Segment Start: DATA BLOCK
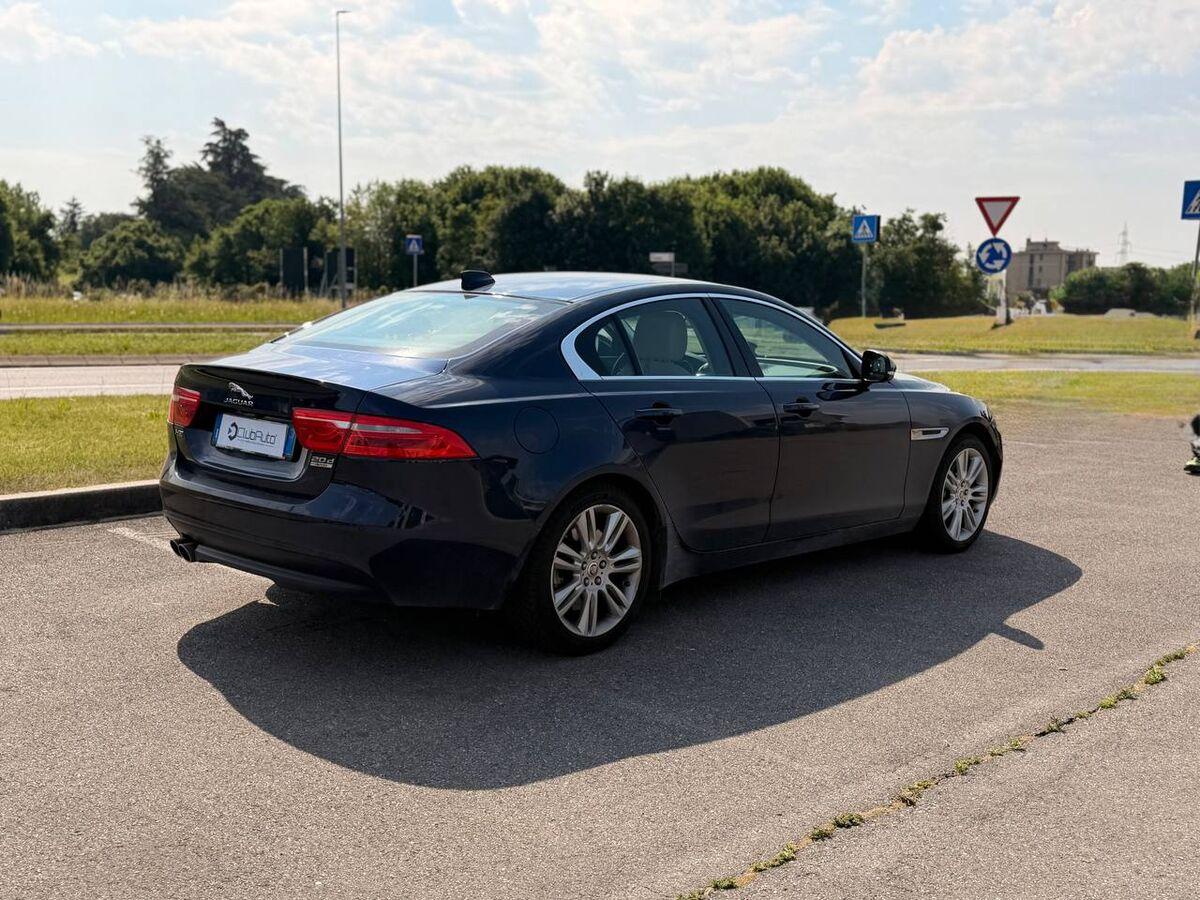 Jaguar XE Berlina XE 2.0d Prestige Business edition awd 180cv auto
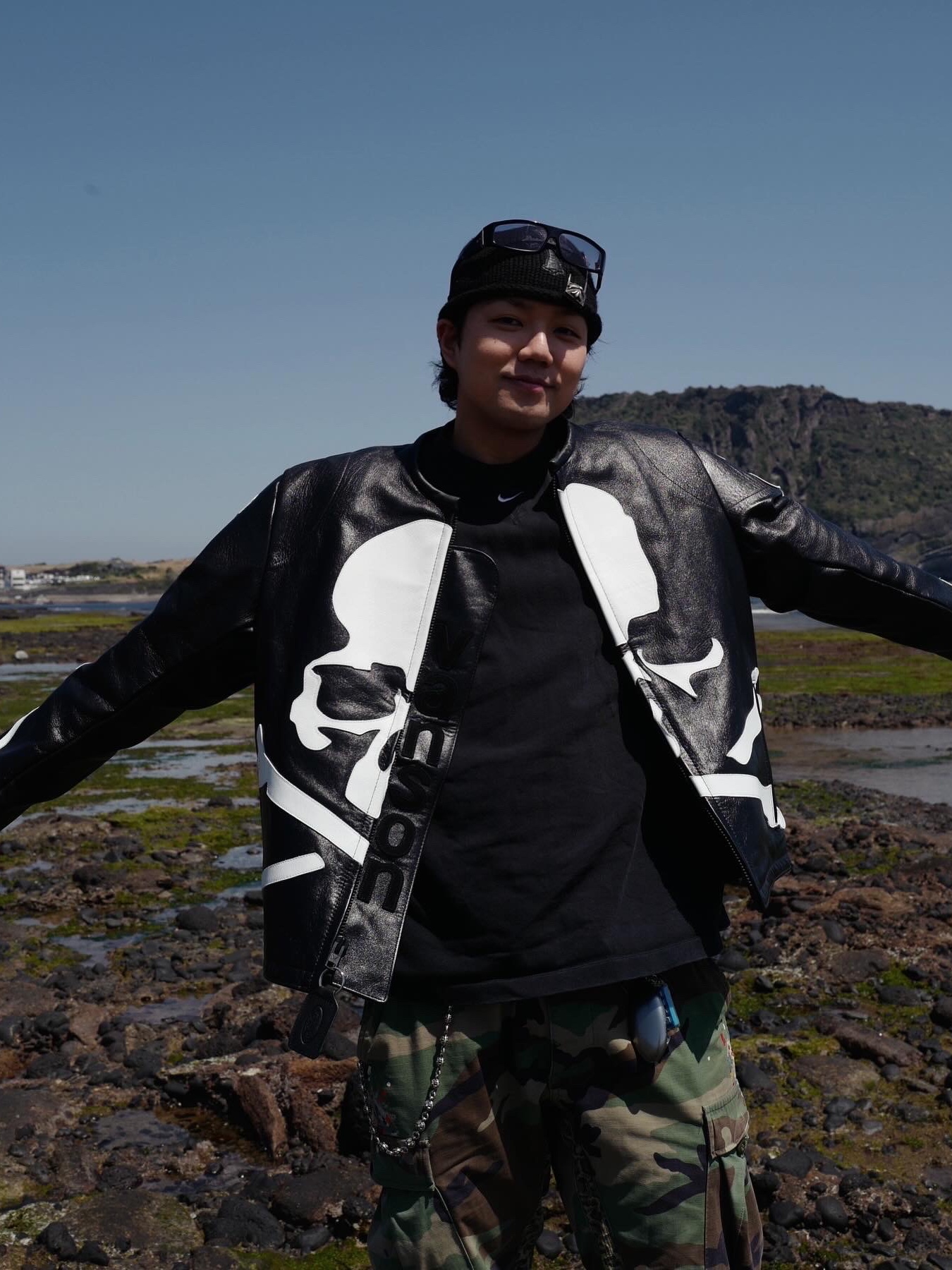 Mastermind World x Vanson Bone Jacket Custom Black - 24FW 착용 스타일 - 2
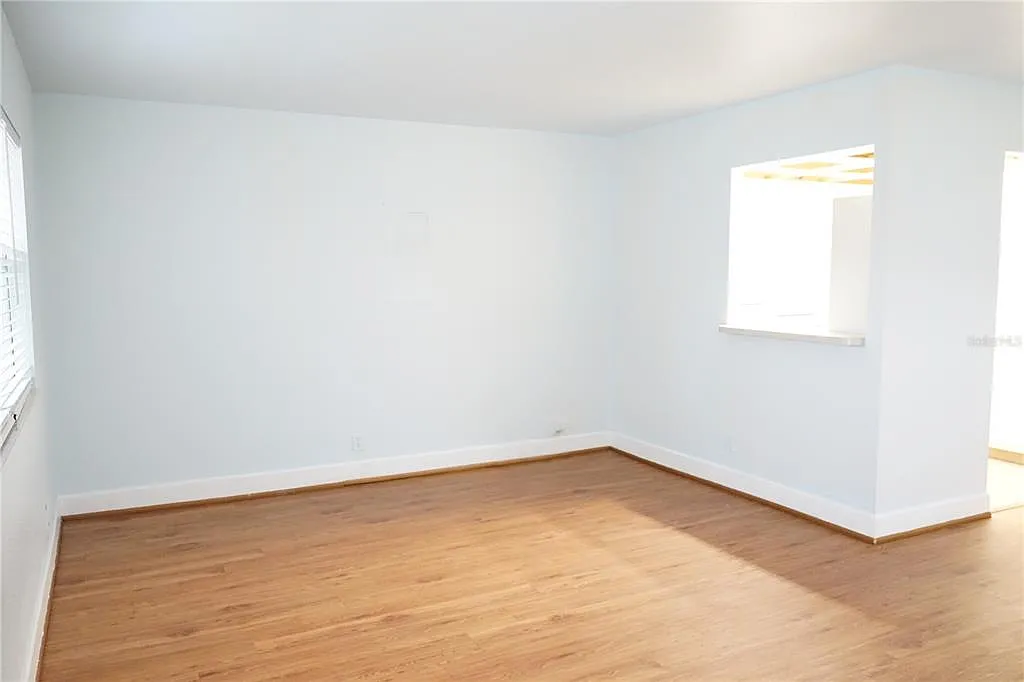 1 bed, 1.5 bath, 800 sqft, $1,300 — Photo 4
Segment End: DATA BLOCK
PROBLEM TO SOLVE
The entire listing above, word for word and without pictures, is what should be output.

REPLY
 Jaguar XE Berlina XE 2.0d Prestige Business edition awd 180cv auto
 Mastermind World x Vanson Bone Jacket Custom Black - 24FW 착용 스타일 - 2
 1 bed, 1.5 bath, 800 sqft, $1,300 — Photo 4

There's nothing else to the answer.